Building my own examples
Well, that is enough basic knowledge to get started. Now is the time to get hands dirty with our own examples. In the previous two series of the posts, I made an examples using NLP models. But this isn’t really related to my profession, as I work in the field of Computer Vision.
So in this example, I am going to:
- Train a small image classifier that can run Inference on CPU
- Serve the models using FastAPI, just as how I served the NLP news models.
- Scale up the workloads using Kubernetes
- Use Minikube instead of deploying on the cloud for testing first.

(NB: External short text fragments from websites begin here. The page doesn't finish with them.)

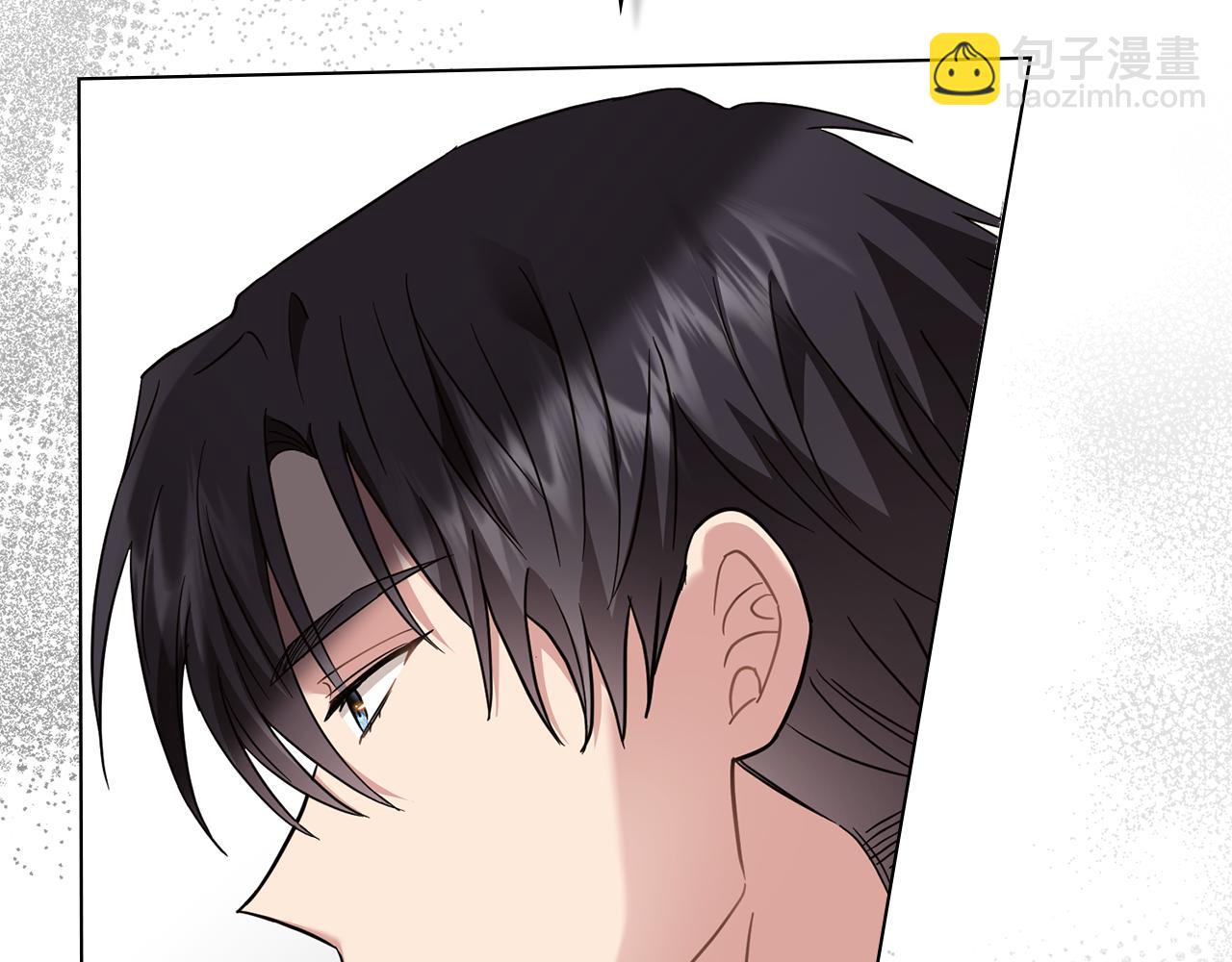 公爵大人，請別太靠近 - 第71話 我也喜歡你(3/4) - 8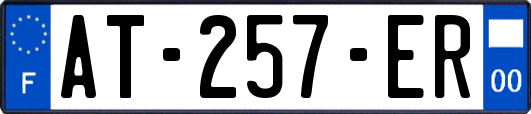 AT-257-ER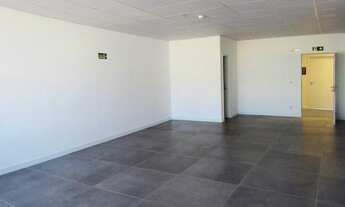 Imagem 7: A sala ideal para a sua profissão!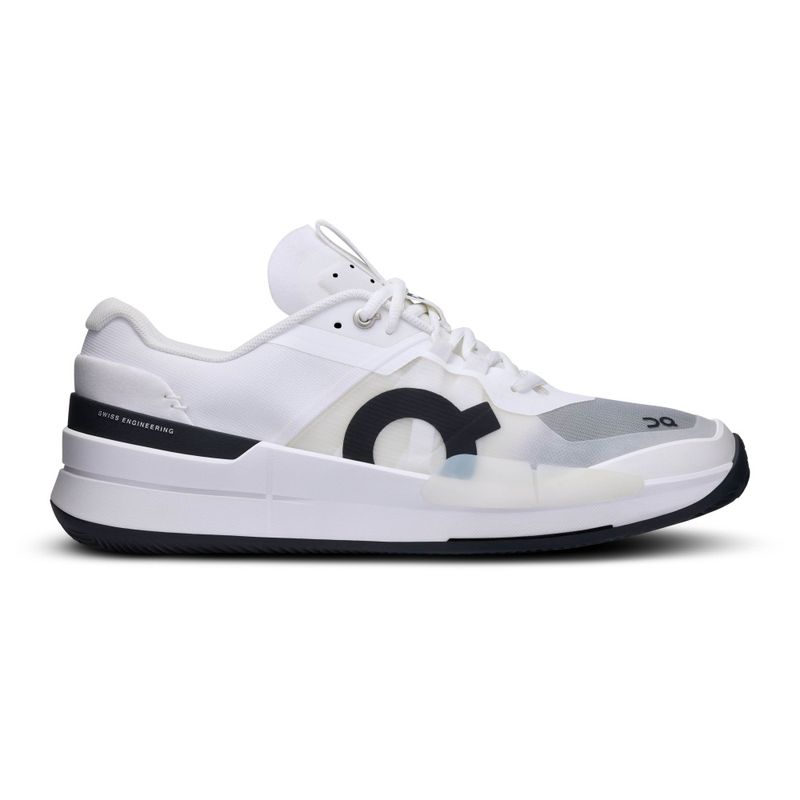 womens-the-roger-pro-2-clay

- Later the same architecture will be hosted in the cloud (AWS)
What is Minikube?
Minikube is most typically used for testing Kubernetes. A Kubernetes cluster can be deployed on either physical or virtual machines (Nodes). To get started with Kubernetes development, you can use Minikube. Minikube is a lightweight Kubernetes implementation that creates a VM on your local machine and deploys a simple cluster containing only one node. Minikube is available for Linux, macOS, and Windows systems. The Minikube CLI provides basic bootstrapping operations for working with your cluster, including start, stop, status, and delete.
Assuming you have Linux,
curl -LO https://storage.googleapis.com/minikube/releases/latest/minikube-linux-amd64
sudo install minikube-linux-amd64 /usr/local/bin/minikube
minikube start
minikube stop